PC, PS4 (reviewed), Xbox One - EA - £49.99

A once green planet is burning in the black of space, its atmosphere corroding further with every cycle of the sun. The occupants are troubled, worried for their futures as nations divide. Some are ruled over by a furious orange-skinned despot, others by an imperious ice queen. An imbalance has developed that could tear apart alliances that are already unstable.

Oh, and on this planet, there’s a new Mass Effect game being launched.

Casting aside the charismatic Commander Shepard after concluding his story in controversial fashion at the close of Mass Effect 3, Andromeda brings a new hero to the fore. Pathfinder Ryder is in charge of exploring beyond the Milky Way, trying to locate a hospitable world for humans and other allied species to colonise. Waking after six hundred years in cryogenic storage, Ryder has a twin who remains in stasis, providing an emotional undercurrent that develops as the narrative unfolds.

As ever, players must choose a pair of companions to accompany them on each mission, and most of the usual races are here – the cheerfully homicidal Krogan, the cerebral blue Asari and the inscrutable Turians all return along with a few new species, both friend and foe. 


The immediate threat from the previously unseen Kett is palpable, a nasty bunch of aggressive bone-carapaced zealots shown to experiment on prisoners of war. Meanwhile, the mysterious Remnant and their ancient monoliths hold the key to habitable life on a series of planets that were once deemed ‘Golden Worlds’. It is these habitats that the Pathfinder must locate and restore to their former glories so they can be successfully colonised.

The explorable planets range wildly in design, BioWare showing their aptitude in creating believably strange locales, from the barren deserts of Eos to the Hoth-like ice and snow of Voeld.

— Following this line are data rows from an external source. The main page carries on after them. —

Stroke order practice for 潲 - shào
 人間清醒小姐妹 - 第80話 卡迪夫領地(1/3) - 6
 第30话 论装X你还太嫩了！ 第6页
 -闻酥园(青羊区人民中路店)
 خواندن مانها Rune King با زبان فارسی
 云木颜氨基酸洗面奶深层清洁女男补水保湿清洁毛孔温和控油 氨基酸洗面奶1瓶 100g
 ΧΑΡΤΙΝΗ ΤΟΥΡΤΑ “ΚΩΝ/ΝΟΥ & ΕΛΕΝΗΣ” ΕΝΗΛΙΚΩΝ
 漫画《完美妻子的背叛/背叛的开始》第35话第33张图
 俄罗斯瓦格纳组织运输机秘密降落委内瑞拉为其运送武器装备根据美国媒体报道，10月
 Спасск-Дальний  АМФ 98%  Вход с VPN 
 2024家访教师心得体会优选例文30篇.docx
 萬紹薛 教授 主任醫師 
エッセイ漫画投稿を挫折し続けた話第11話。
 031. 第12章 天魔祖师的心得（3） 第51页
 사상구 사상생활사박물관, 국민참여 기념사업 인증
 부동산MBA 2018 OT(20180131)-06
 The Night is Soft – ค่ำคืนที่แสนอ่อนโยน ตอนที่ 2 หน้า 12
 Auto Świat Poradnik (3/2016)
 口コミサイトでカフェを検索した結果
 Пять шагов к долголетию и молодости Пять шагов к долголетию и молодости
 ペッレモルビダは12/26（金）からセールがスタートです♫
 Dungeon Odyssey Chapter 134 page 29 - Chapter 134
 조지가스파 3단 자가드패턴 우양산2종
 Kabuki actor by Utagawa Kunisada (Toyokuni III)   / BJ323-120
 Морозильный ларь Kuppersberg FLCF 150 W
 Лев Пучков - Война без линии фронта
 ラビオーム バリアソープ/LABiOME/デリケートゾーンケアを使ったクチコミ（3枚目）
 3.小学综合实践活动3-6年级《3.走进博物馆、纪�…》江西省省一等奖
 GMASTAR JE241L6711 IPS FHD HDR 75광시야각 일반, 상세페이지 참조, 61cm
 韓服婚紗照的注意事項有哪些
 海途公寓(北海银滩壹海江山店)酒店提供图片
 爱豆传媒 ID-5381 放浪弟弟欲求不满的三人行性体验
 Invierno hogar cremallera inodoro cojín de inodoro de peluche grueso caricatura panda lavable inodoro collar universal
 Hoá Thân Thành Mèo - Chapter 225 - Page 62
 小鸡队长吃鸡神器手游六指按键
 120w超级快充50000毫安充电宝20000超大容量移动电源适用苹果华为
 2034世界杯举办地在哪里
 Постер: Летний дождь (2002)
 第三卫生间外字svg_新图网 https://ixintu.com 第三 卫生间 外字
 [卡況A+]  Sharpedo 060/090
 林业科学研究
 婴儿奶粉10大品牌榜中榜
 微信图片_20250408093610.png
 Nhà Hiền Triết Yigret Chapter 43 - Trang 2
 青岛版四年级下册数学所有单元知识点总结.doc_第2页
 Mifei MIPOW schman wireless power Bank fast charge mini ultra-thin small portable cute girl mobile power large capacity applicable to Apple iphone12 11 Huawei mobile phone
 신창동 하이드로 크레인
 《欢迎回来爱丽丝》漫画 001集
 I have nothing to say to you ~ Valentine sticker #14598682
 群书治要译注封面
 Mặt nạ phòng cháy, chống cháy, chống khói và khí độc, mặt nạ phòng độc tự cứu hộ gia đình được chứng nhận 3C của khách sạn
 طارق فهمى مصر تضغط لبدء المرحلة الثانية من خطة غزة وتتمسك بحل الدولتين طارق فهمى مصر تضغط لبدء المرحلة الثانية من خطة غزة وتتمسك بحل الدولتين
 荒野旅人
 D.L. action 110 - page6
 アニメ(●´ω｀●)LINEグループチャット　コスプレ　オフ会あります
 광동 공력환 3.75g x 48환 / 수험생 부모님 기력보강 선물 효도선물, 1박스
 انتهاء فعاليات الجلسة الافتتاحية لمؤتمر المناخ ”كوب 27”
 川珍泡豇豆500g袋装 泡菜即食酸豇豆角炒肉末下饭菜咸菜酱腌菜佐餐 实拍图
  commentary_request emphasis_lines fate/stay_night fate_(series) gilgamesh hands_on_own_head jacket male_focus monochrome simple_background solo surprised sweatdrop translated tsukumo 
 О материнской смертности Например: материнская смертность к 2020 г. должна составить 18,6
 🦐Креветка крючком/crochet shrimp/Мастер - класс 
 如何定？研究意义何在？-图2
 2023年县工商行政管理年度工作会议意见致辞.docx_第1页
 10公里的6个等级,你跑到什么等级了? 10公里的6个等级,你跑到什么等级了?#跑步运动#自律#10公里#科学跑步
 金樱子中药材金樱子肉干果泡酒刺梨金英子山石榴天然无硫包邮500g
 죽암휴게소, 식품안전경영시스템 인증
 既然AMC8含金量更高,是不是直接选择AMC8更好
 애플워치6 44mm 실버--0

I particularly liked the bioluminescent mushrooms, gravity wells and electrical circuitry of Havarl, home world of the Angarans, where huge creatures swim through the firmament above your adventure.

Perhaps taking inspiration from the way that The Force Awakens remixed familiar elements in order to restart the Star Wars universe for a fresh audience, Andromeda harkens back to previous games by introducing the Mako-like Nomad, bringing vehicular planetary exploration back to the series. The Nomad is able to scan the surface of any planet for resources, with deposits of nickel, copper and the familiarly valuable Element Zero.

Resource management is once again paramount to mounting an effective campaign, with weaponry and armour to craft alongside optional upgrades to the Nomad. Planet scanning is slimmed down from previous incarnations - personally, I almost miss the meditative aspects of mining from ME2 and even found myself craving the mini-Reaper attacks that kept players on their toes in the third game. 

Since the first ten hours of the game were released on EA early access last week, a lot has been made of the inconsistencies in the game’s presentation. There’s no doubt the lipsync can seem a little off at times, but I’m not sure Andromeda has deserved all the hysterical negativity surrounding it. There were minor incidences of enemies or teammates not quite behaving as they should, but in my play-through, it was nothing like the (space)shipwreck that some have suggested. 

The character creator is perfectly capable, although I admit somehow I unwittingly modelled my Ryder on swarthy Chelsea centre-forward Diego Costa. There’s perhaps a nagging feeling that the Frostbite engine that brought us Battlefield 1 could be working slightly harder to smooth over the rough edges in the visuals, but there are still picturesque moments as you holster your gun to stare into unfamiliar skies over alien landscapes.

Andromeda truly shines in battle, where the combat is meaty and enjoyable, the series’ much-loved biotic powers returning and better than ever. With a carefully chosen set of abilities and squad members, there are many different avenues of attack to explore, from stealth to melee with a number of variations inbetween. There is even the option to load up other combat profiles mid-game, perfect for the commitment-phobe who doesn’t want to keep one style for the whole campaign.

Aside from the firefights, the soap opera side to Mass Effect is also as effective as ever. Despite adjustments, the dialogue wheel won’t please everyone, but it still provides a decent amount of choice and variance, and the chance to romance your chosen squadmate (whatever bizarre anatomy they may possess). The storyline may not quite reach the heights of the original trilogy, but it is still an engaging yarn, concerned as ever with the themes of science against religion and nature.

All of this interaction takes place in a convincing universe, with dozens of available missions, ranging from galactic to domestic in scale. Taking on more open world features has both expanded the reach of the universe, making it feel more natural, but also slightly impinged on the travel to action ratio, which can stray close to frustrating at times.

While there are undoubtedly some major concerns surrounding Andromeda’s genesis, I felt it was still an enjoyable game with an almost fearsome amount of content, especially factoring in the excellent multiplayer that will hopefully prove the equal of its predecessor. Sent out like a probe into a fiercely contested market, this new incarnation of Mass Effect might ultimately fall short of the better titles already released this year. But for those already smitten by the Salarians or cuckoo about Krogans, there isn’t anything else that will satisfy like Andromeda.